▶ WHAT IS NEEDED: Below this line are records; transcribe exactly the lines between the one holding "Shannon Cuddle Milan Luca Natural" and the one holding "PAKISTAN-IS-BEAUTIFUL-COUNTRY-IN-ASIA", inclusive, and omit the pictures.

Extracted data entries:
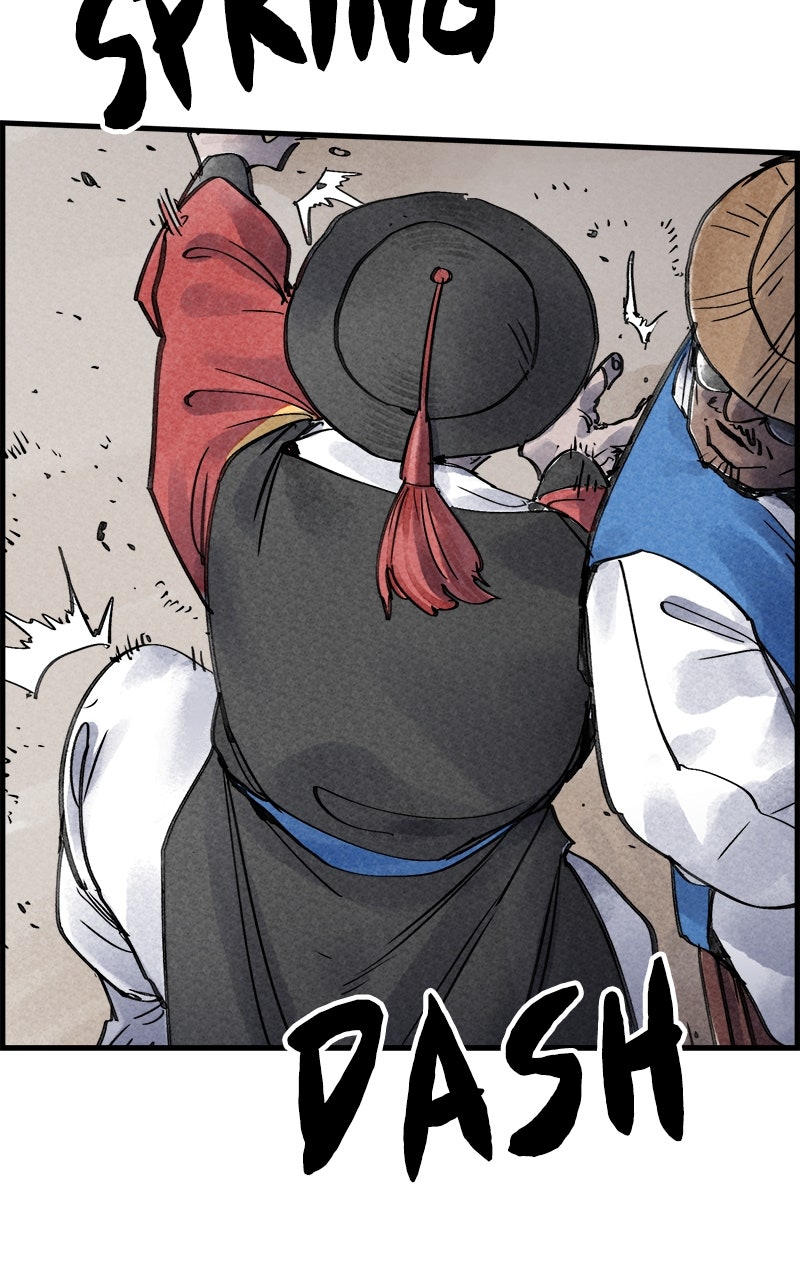 Paper Tiger Ep. 44 - The Lost Village (5) page 26 - 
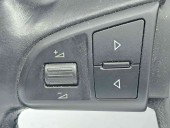  Volan Skoda Superb II (3T4) [Fabr 2008-2015] 3T0419091AB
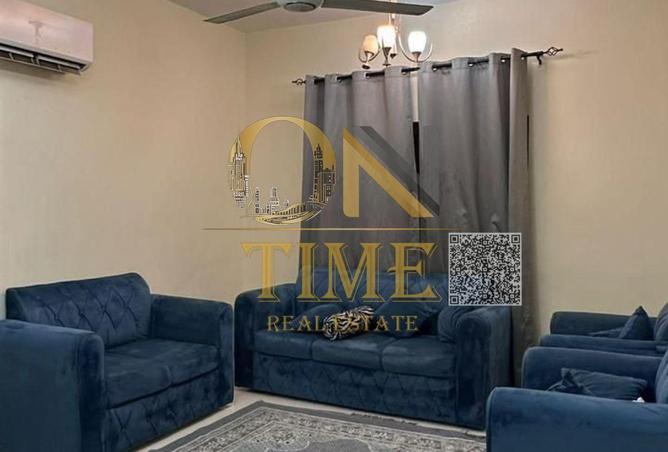 71134581 - الصورة الرئيسية للعقار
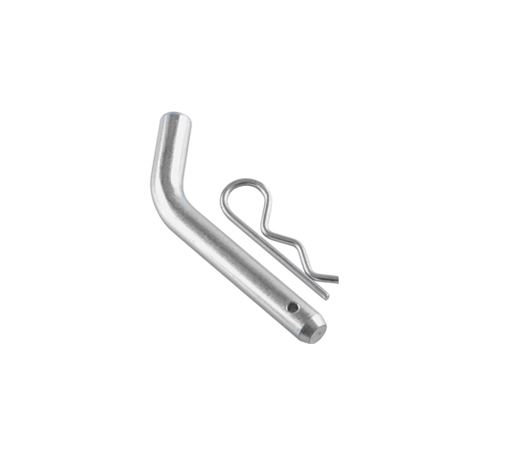 Bent Hitch Pin
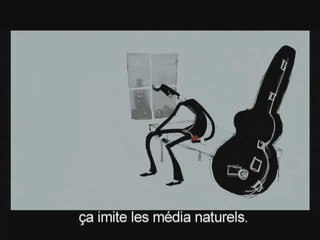 Jazzed de Anton Setola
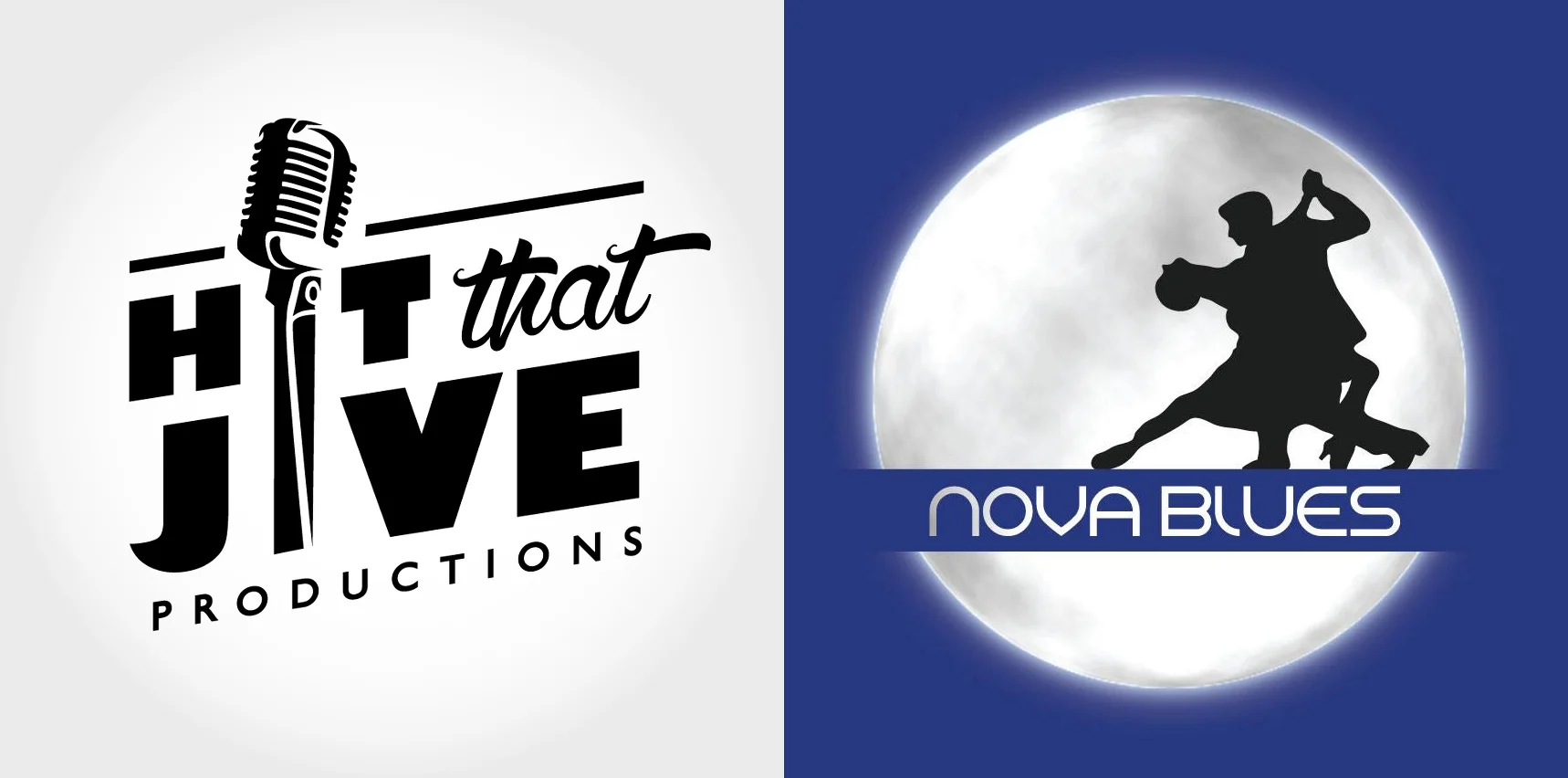 Hit That Jive and Nova Blues present: Hit That Nova!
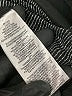 BCBGeneration Gray Cocktail Dress Size S - photo 8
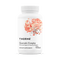 Quercetin Complex (formerly Quercenase) 60 Caps-Matakana Pharmacy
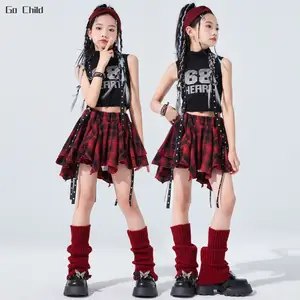 楽天市場】ジャズダンス衣裳 中華風レディースダンス衣装 ヒップホップ ジャズ セクシー系 ストリート ショート丈 袖なしトップス 青 龍プリント 改良  チャイナドレス チアダンス JAZZ ダンスウエア ステージ衣装 団体 ダンスウエア JAZZ HIPHOP ダンス 衣装 文化祭 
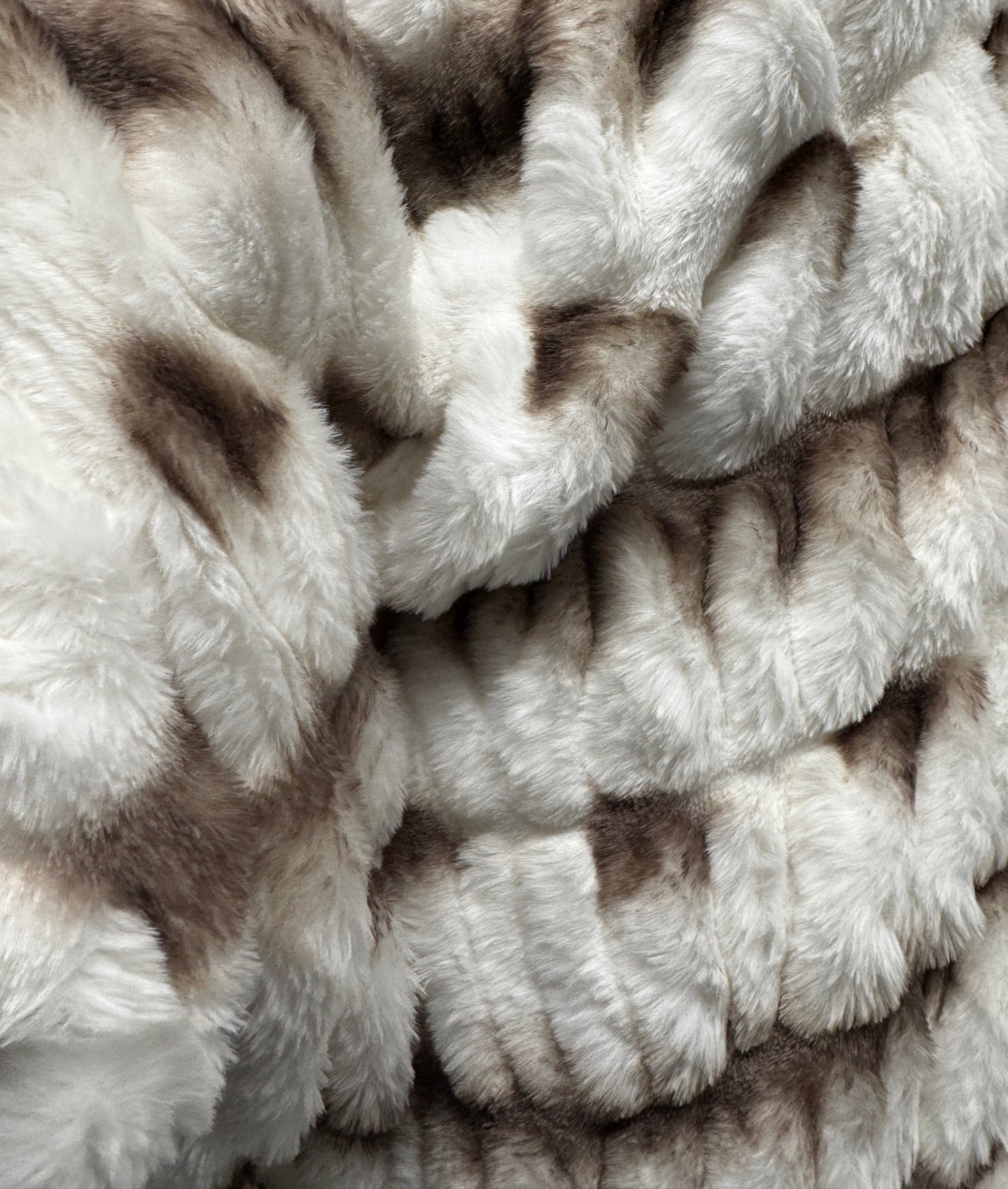 Shannon Cuddle Milan Luca Natural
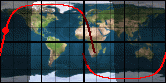NOAA-19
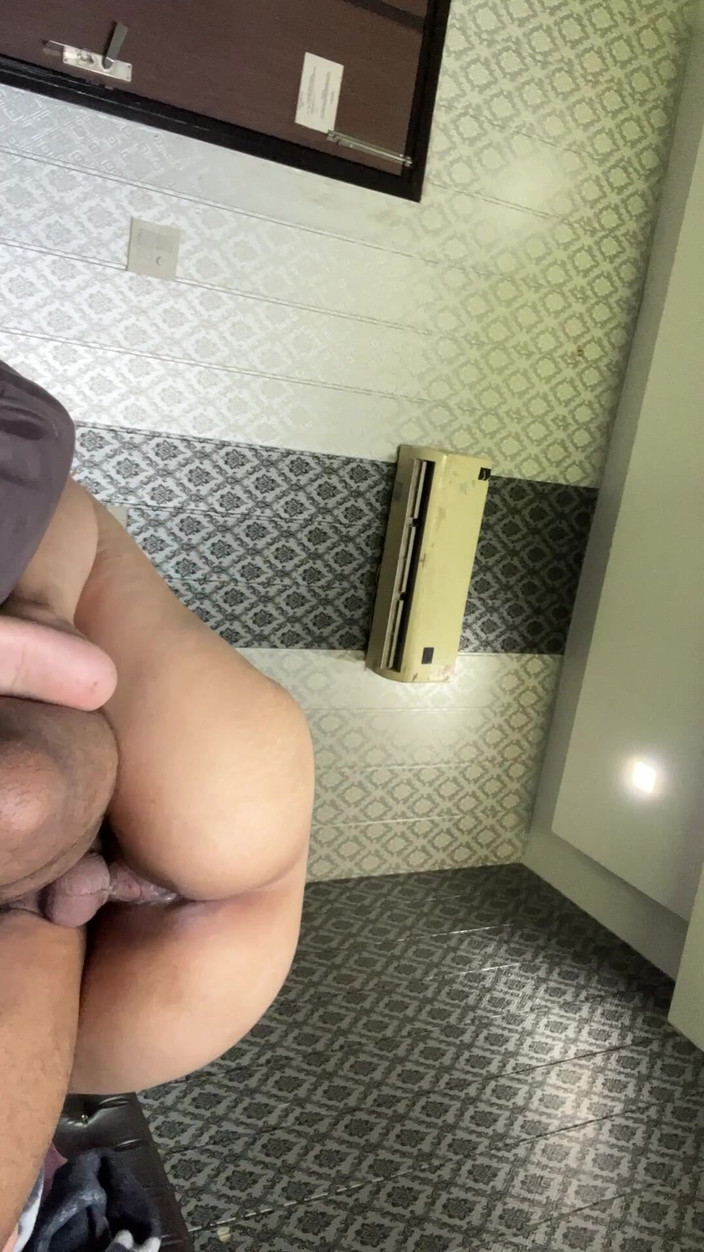 PJackson: Bombay krásná dívka Bang Bang v hindštině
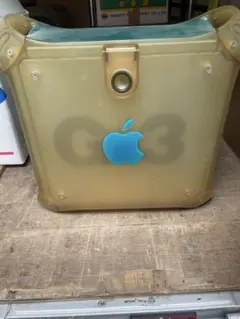 2026年最新】PowerMac g3の人気アイテム - メルカリ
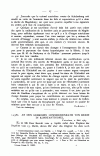 S. 17, Obj. 2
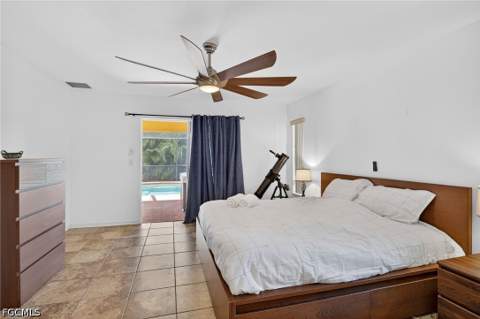 3809 Agualinda Blvd, Cape Coral FL - photo 17 of 50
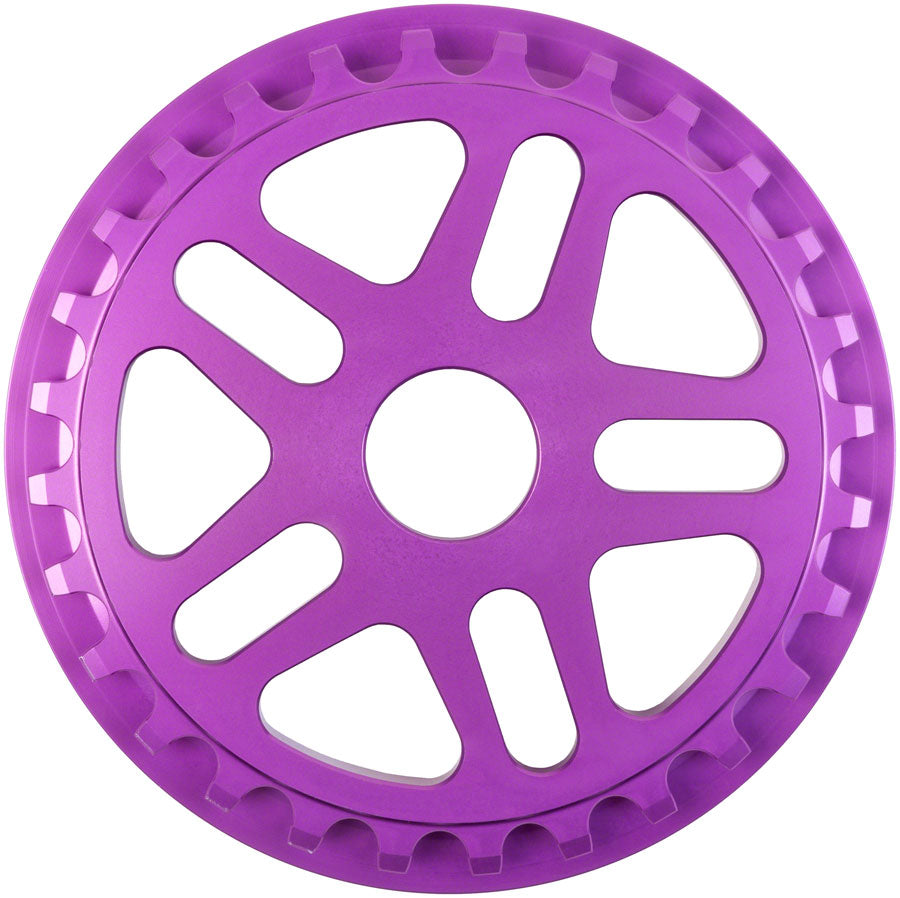 Sunday Knox V2 Guard Sprocket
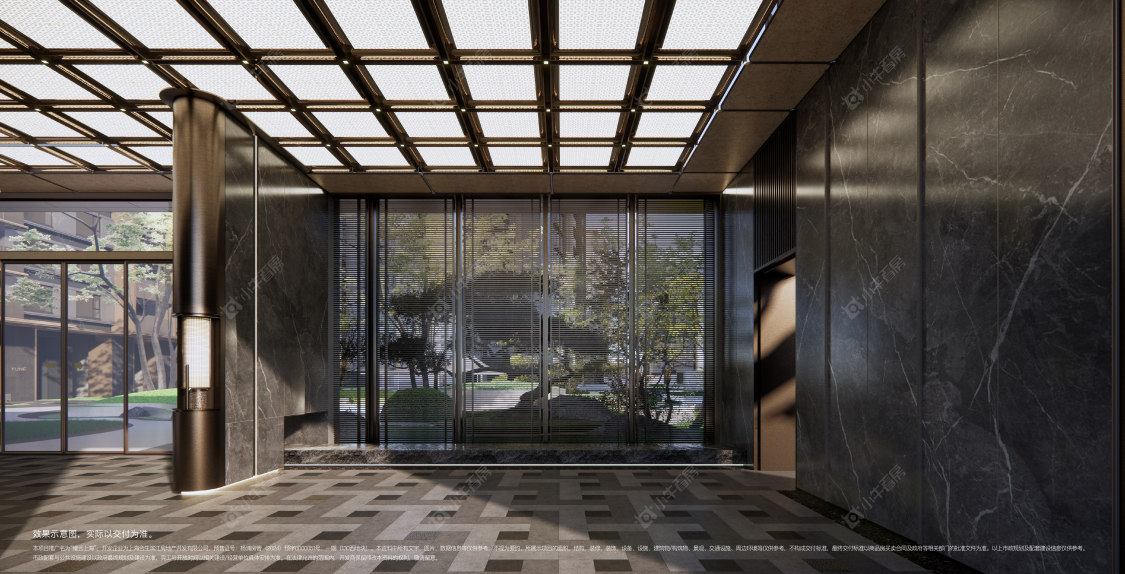 上海缦云上海小区_缦云上海小区null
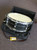 Ludwig Snare Drums Metal Snare View 1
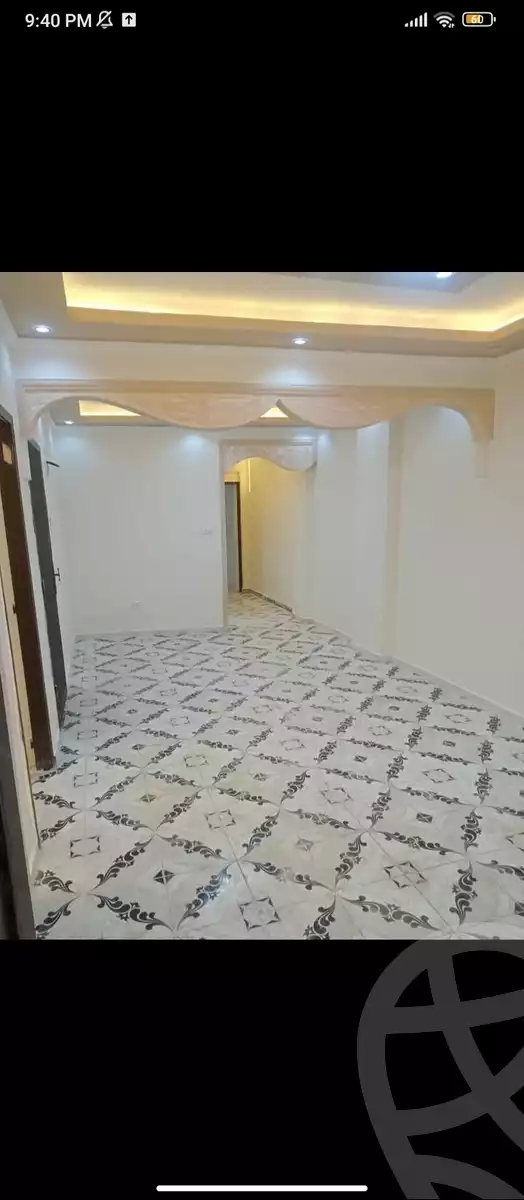 https://aqarmap.com.eg/en/listing/6006723-for-sale-alexandria-l-jmy-lbytsh-abd-el-fattah-el-talkhawy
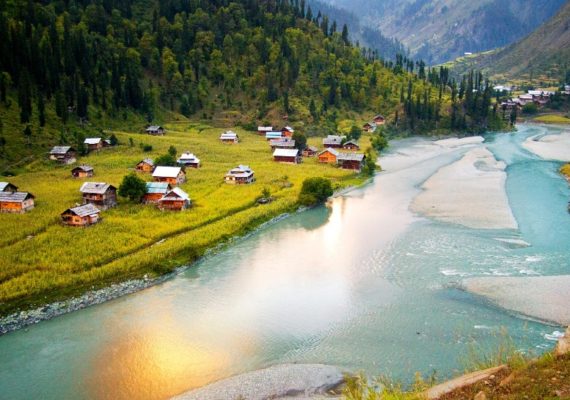 PAKISTAN-IS-BEAUTIFUL-COUNTRY-IN-ASIA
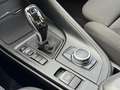 BMW X1 S-DRIVE 1.8 AUT. NAVIGATIE SPORT LINE SPECIAL EDIT Wit - thumbnail 11
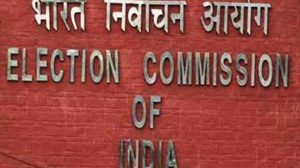 madhya-pradesh-officers-will-not-be-transffered-without-election-commission-orders-mplive.co.in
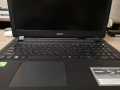 Лаптоп Acer Aspire ES1-532G, снимка 7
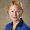Photo of Leslie H.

▶ RESPONSE TO THE EXERCISE:
 Shannon Cuddle Milan Luca Natural
NOAA-19
 PJackson: Bombay krásná dívka Bang Bang v hindštině
 2026年最新】PowerMac g3の人気アイテム - メルカリ
 S. 17, Obj. 2
 3809 Agualinda Blvd, Cape Coral FL - photo 17 of 50
 Sunday Knox V2 Guard Sprocket
 上海缦云上海小区_缦云上海小区null
 Ludwig Snare Drums Metal Snare View 1
 https://aqarmap.com.eg/en/listing/6006723-for-sale-alexandria-l-jmy-lbytsh-abd-el-fattah-el-talkhawy
 PAKISTAN-IS-BEAUTIFUL-COUNTRY-IN-ASIA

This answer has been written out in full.